Moeraki Boulders, New Zealand

How to get there?
The boulders can be found on Koekohe Beach, between the towns of Moeraki and Hampden. The Moeraki Boulders are about an hour’s drive from Dunedin and a thirty-minute drive from the town of Oamaru.

13).  Benagil Sea Cave Beach, Portugal

The Algarve coast is mostly made up of limestone, which is easily eroded by tidal forces and can form incredible structures. Benagil Cave is a huge sea cave located on the Algarve coast of Portugal. The limestone cliffs have eroded over thousands of years. leaving a mysterious grotto where the only light comes from a giant skylight. The naturally occurring sea cave with the beach nestled inside creates an intriguing look that you may not have seen before.

The openings of the sea cave allow you to relax on the beach, dip your feet in the sea, and walk around exploring the intricate rock formations. When daylight streams through the ceiling, it reflects off the golden sand and the azure water that flows into the cave through the archways. The amber hues and patterns on the cave’s layered walls tell their own story about the centuries-long sea and wind erosion. The Benagil Sea Cave Beach is mostly secluded because not many people visit this hidden gem. Dolphins along with other sea creatures are frequently spotted in the crystal-clear water.

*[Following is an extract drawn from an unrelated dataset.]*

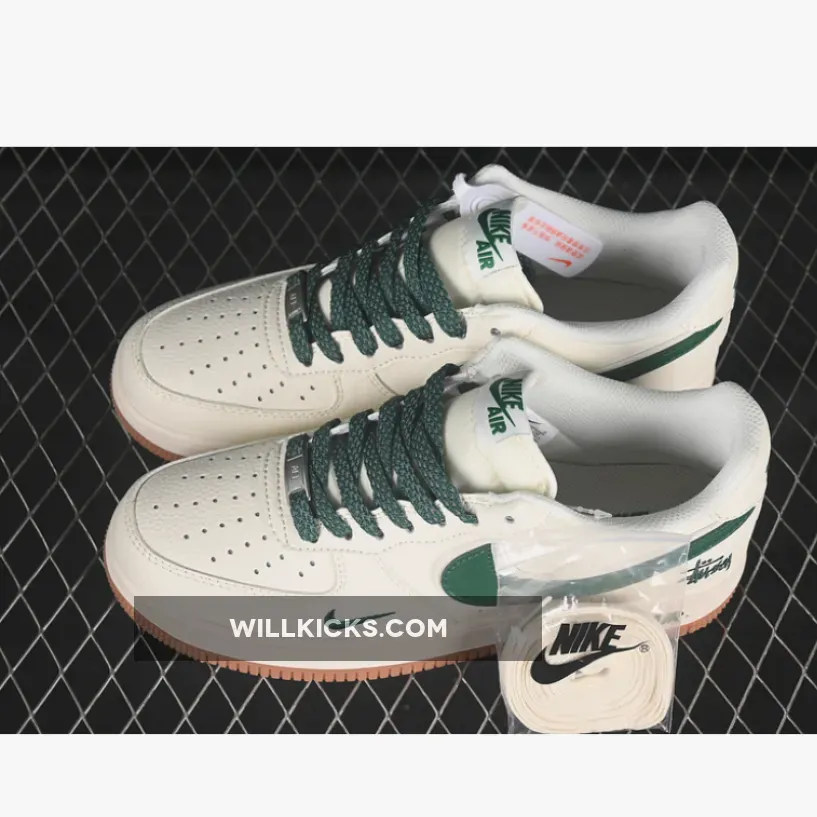 AIR FORCE 1 07 LOW WHITE/GREEN AIR FORCE 1 07 LOW WHITE/GREEN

Benagil Sea Cave Beach, Portugal

How to get there?
The Benagil Cave is near the village of Benagil in the Lagoa region of southern Portugal. Keep in mind that the caves are only accessible by sea. Taking a boat tour from Albufeira or Portimao, the two biggest towns nearby, is the best way to reach Benagil Caves. Boat trips are also available from Lagos, Faro, and Vilamoura. To enter the cave, you need to swim, kayak, or paddleboard as the arches are very low.

 14).  Scala Dei Turchi, Italy

Although Italy has no shortage of beautiful beaches, the Scala Dei Turchi on the coast of Realmonte in Sicily should be visited for its unique beauty. The beach is crowned by naturally formed white, rocky cliffs that look like a staircase. The terraces are made of white marl limestone, which is soft enough for the elements to carve these brilliant white stairs. The cliffs cascade down in a staircase pattern to form a small headband where they meet the sea. Scala Dei Turchi is right on the shoreline, and there are two sand beaches on either side of the cliff. The vista of the breathtaking cerulean sea waters framed by a flawless white cliff is unrivaled. Scala Dei Turchi translates to “Stairs of the Turks.” The name refers to the time when Turkish and Arab invaders sought refuge in the bay.

Scala Dei Turchi, Italy

How to get there?
Scala Del Turchi is located between Realmonte and Porto Empedocle, about 20 minutes from the town of Agrigento on Sicily’s south coast. 
PS:  The access to Scala Dei Turchi was closed in 2022. The site is now guarded to prevent people from visiting the cliffs. Thankfully, the Stair of the Turks can still be seen from afar.

15).  Giant’s Causeway Beach, Ireland

The Giant Causeway in Northern Ireland is a fascinating seaside destination as well as a UNESCO World Heritage Site. The beach has a geologic origin and is riddled with odd rock formations and intriguing fissures. The unusual beach in North Ireland was formed over 50-60 million years ago by a volcanic fissure bursting into the sea. When the basaltic lava plateau cooled, it rose to the surface and cracked into thousands of hexagonal rock formations of varying heights. The tallest column stands about 36 feet tall.

The collection of basalt columns and boulders interlinked in hexagonal scale-like patterns is impressive due to their shape and precision. Every year, throngs of visitors flock here to enjoy the unique beach and the jaw-dropping views of the North Atlantic Ocean. The Giant’s Causeway Beach has been shrouded in mythology. According to legend, the columns are the remains of a causeway built by the giant Finn MacCool to reach his beloved giantess in Scotland, hence the strange name.

Giant’s Causeway Beach, Ireland

How to get there?
The direct route from Belfast to the Giant’s Causeway takes roughly an hour, but the Causeway Coastal Route is far more scenic.  The landmark is about three hours’ drive from Dublin.